Ross began her long music career with Mary Wilson, Florence Ballard and Betty McGlown as the doo-wop quartet the Primettes, a sister group to The Primes in 1959. After signing to Motown Records in 1961 and replacing McGlown with Barbara Martin, they changed the name of the group to The Supremes. Barbara Martin left the group shortly afterwards, and The Supremes carried on as a trio.
Although all the girls originally took turns singing lead, Motown chief Berry Gordy made Diane the permanent lead singer starting in 1964, because he felt her soprano voice had the pop appeal the Supremes needed to cross over to white audiences. Ross also began using the name "Diana" at this time. Between the summer of 1964 and the summer of 1967, the Supremes released ten hit singles making #1 and became the most successful black group of the decade.

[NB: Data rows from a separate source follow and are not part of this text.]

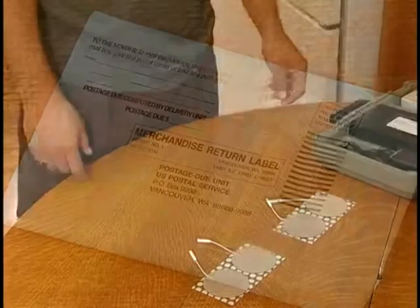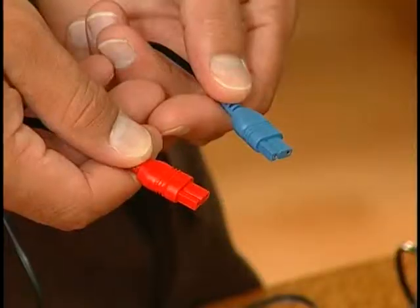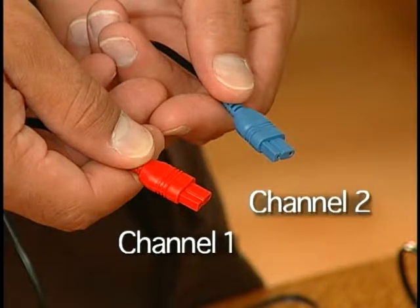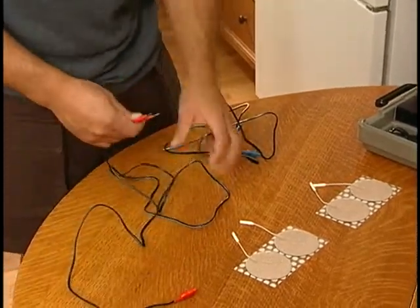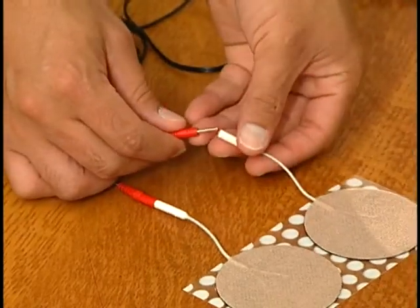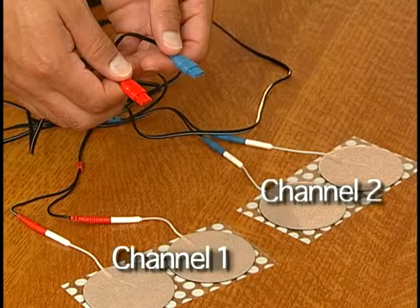The stimulator is easy to set up and use. First, remove the cables and the pads from the case. You will notice that the cables are colored at each end. The colors are designed to help you set up the stimulator. Choose one color to represent channel 1 and the other to represent channel 2. It doesn't matter which color goes with which channel. While keeping the pads on their plastic sheets, slide the tails of each pad over the metal ends of the cables. Each cable holds two pads. The pads attached to the channel 1 cable will be the channel 1 pads, and the pads attached to the channel 2 cable will be the channel 2 pads.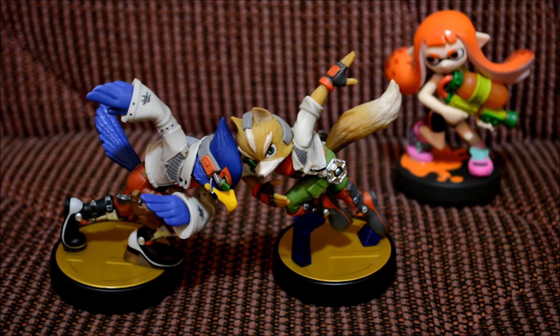The Falco amiibo just came out today and I think he's available everywhere — he's not an exclusive, which is totally awesome because I really hate exclusives. The pair looks really awesome together. If you like this amiibo, give this video a thumbs up and let me know in the comments if you got one too. If you haven't subscribed yet, feel free to do so — thanks for your support and I'll see you guys later!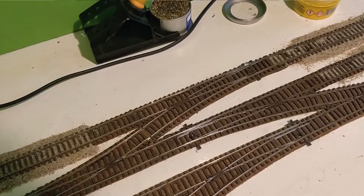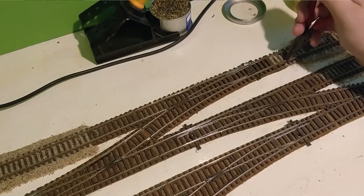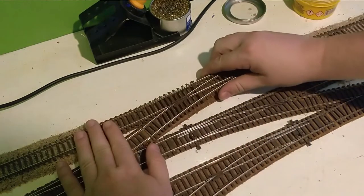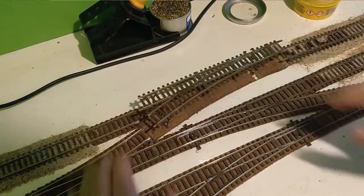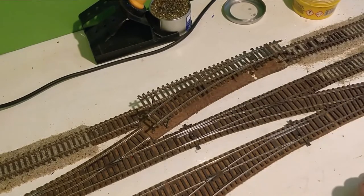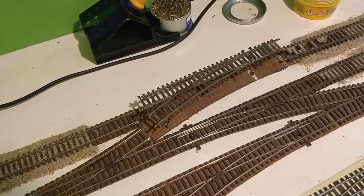If we were using Peco Flexi-Track, you would be able to get your pliers, grab the fish plates, and just slide them out of the way — it takes a bit of effort but it can be done. On this track it can't, so we need to lift it and unhook the fish plates to move the point without causing too much damage. As you can see, we have pulled up a bit of ballast here. That's where the Peco stuff is good — you can slide the fish plates along, lift straight out, then drop the new point in and slide the fish plates back over.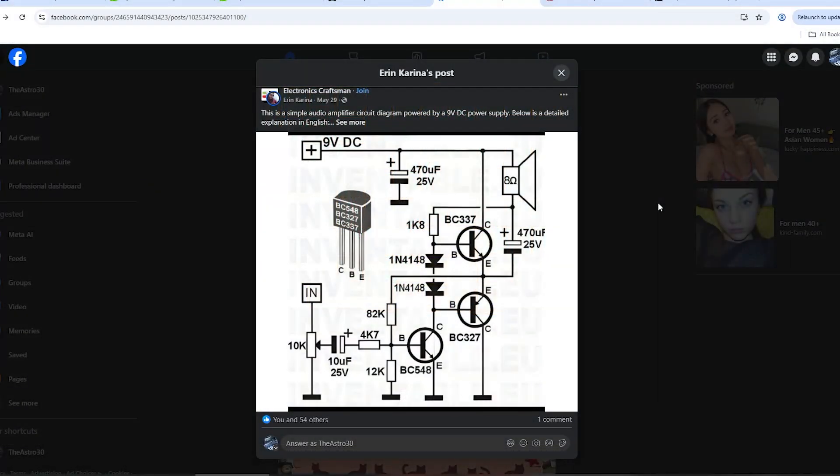Greetings, the Astro 30 here yet again and welcome back to AEL. If you're new to this channel, please consider going down below and subscribing if you haven't done so already. Today we're going to be looking at a 'let's find a random circuit on the internet and see if it works.'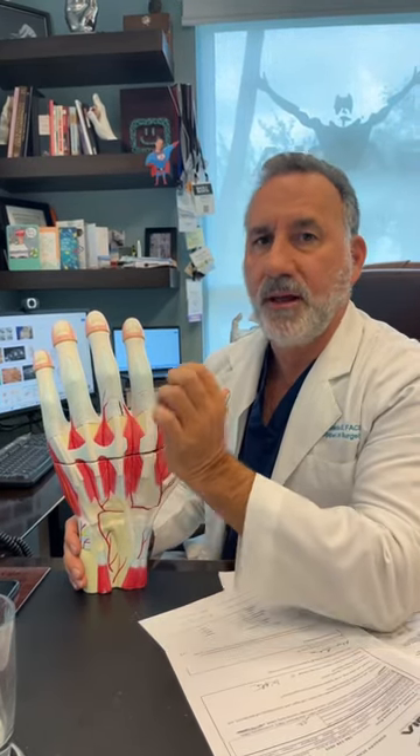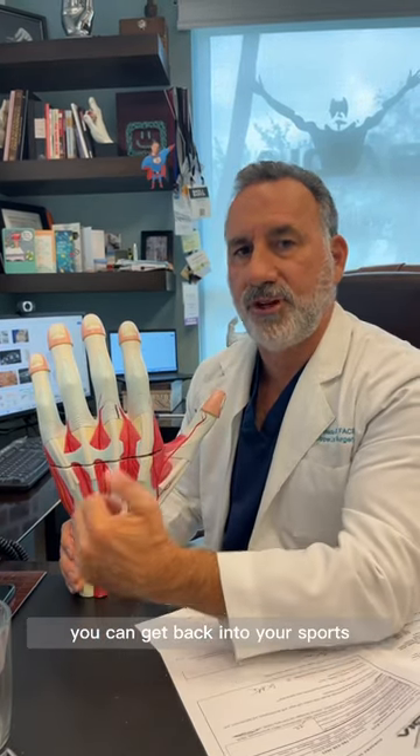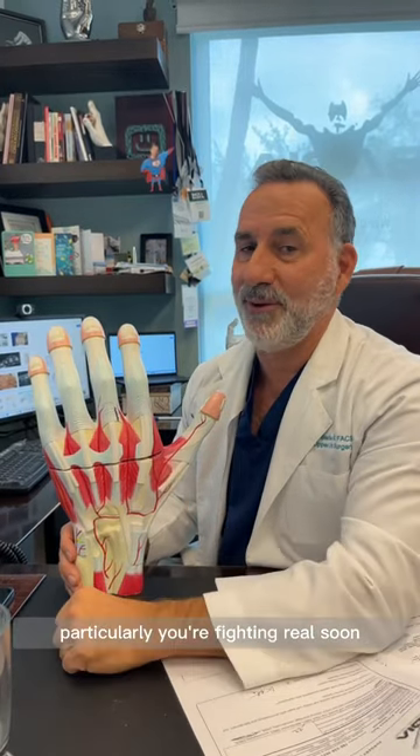A complete rupture requires a small open incision and a suture repair. The important thing is to make the early diagnosis so you can get back into your sports, particularly your fighting, real soon.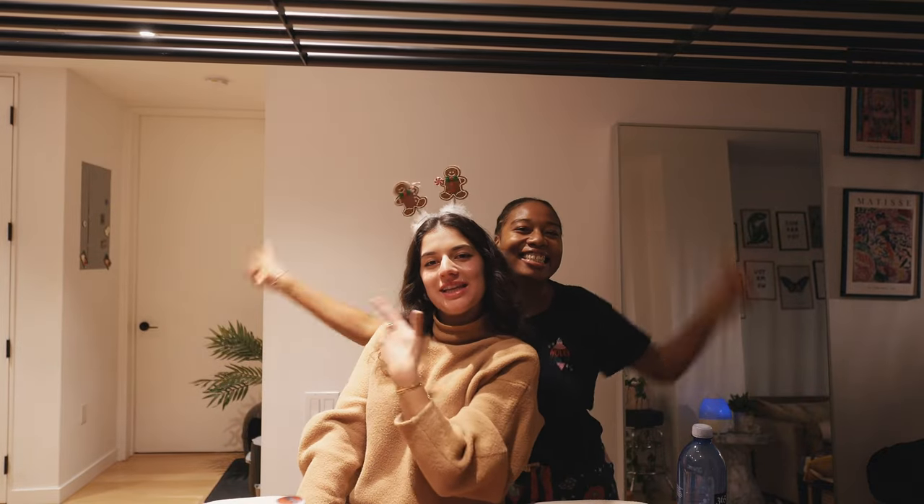We're gonna make Christmas cookies! Nicole is sleeping, but to be fair it is kind of late.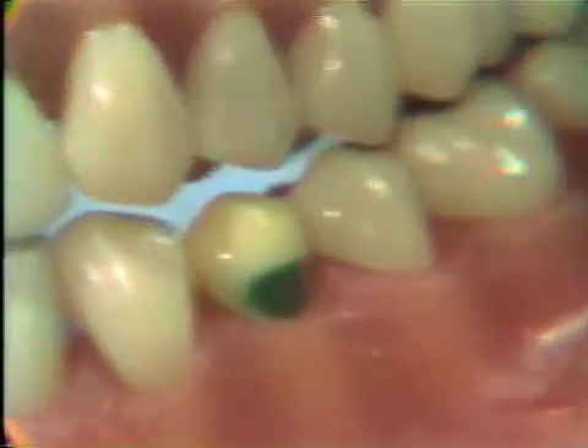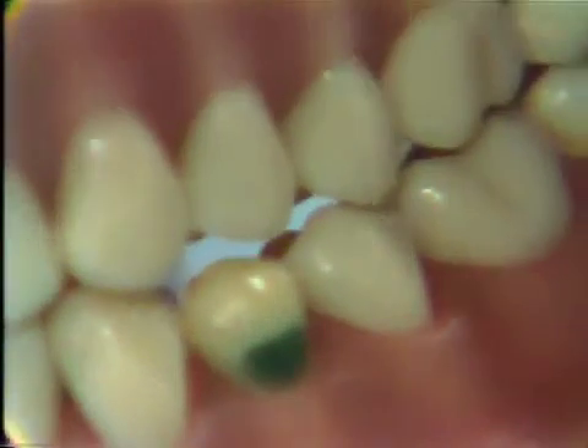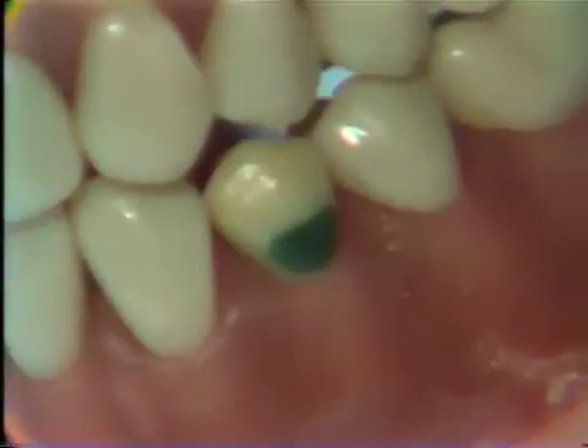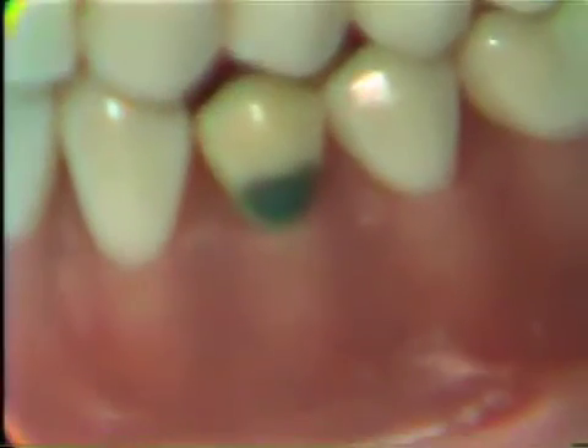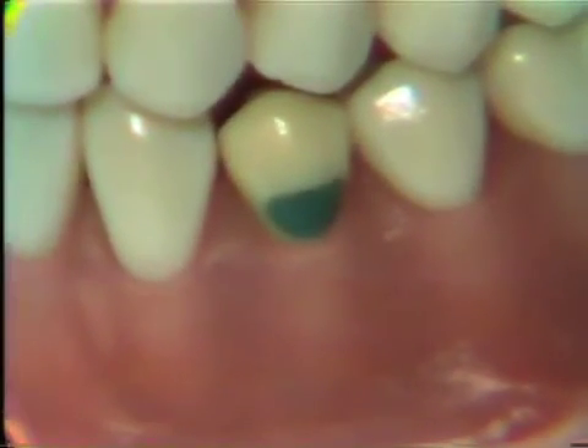When you're satisfied that the contour is acceptable and the wax is smooth and polished, begin with cold water and cotton, and then you should have the restoration — the wax — checked by the instructor.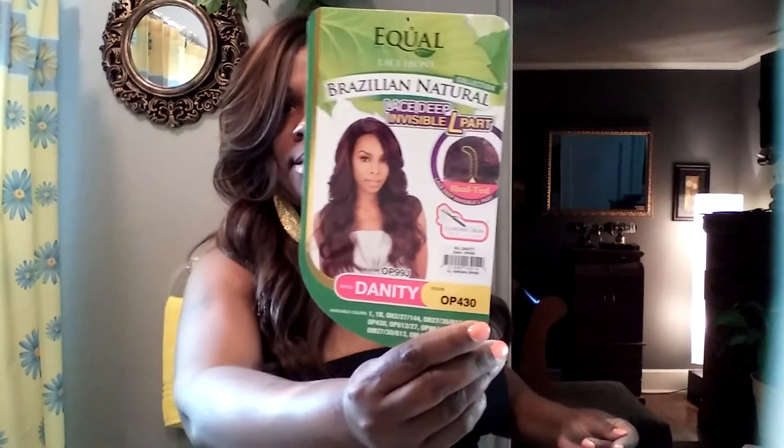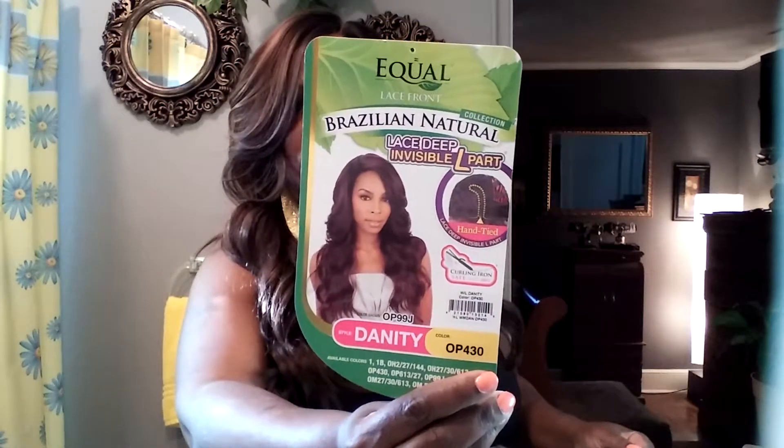Let me pull this back just a little bit. This is Danity. I've seen a lot of you do it and I finally went out and got her. She is an invisible L part wig. Guys, she is beautiful. She is OP 430 in color. Hope you guys can see the color through my window over there — gorgeous, just gorgeous.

In July 1967, Florence Ballard was fired from the Supremes and replaced with Cindy Birdsong. At this time, the group was officially renamed Diana Ross & the Supremes officially recognizing Ross as the focal point of the group. During this period, the group had two more #1 hits as Motown began plans for a Diana Ross solo career, which was announced in November 1969. In January 1970, Ross officially departed from the Supremes after a January 14 Farewell concert at the Frontier Hotel in Las Vegas. The group moved on with new lead singer Jean Terrell, while Ross put the finishing touches on her debut album.
Early solo career
In the spring of 1970, Diana Ross, Ross' debut solo album, was released. After the initial moderate success of what turned out to be Ross' signature concert song, "Reach Out and Touch (Somebody's Hand)" (US #20, US R&B #7), Ross broke out of the pack with her cover of Marvin Gaye & Tammi Terrell's 1967 classic "Ain't No Mountain High Enough". The original 3-minute love duet was turned into a 6-minute dramatic soul opus, where Ross was in spoken word half of the running time. The song would peak at #1 on both the U.S. pop and R&B charts, and Ross received a Grammy nomination for Best Pop Vocal Performance, Female.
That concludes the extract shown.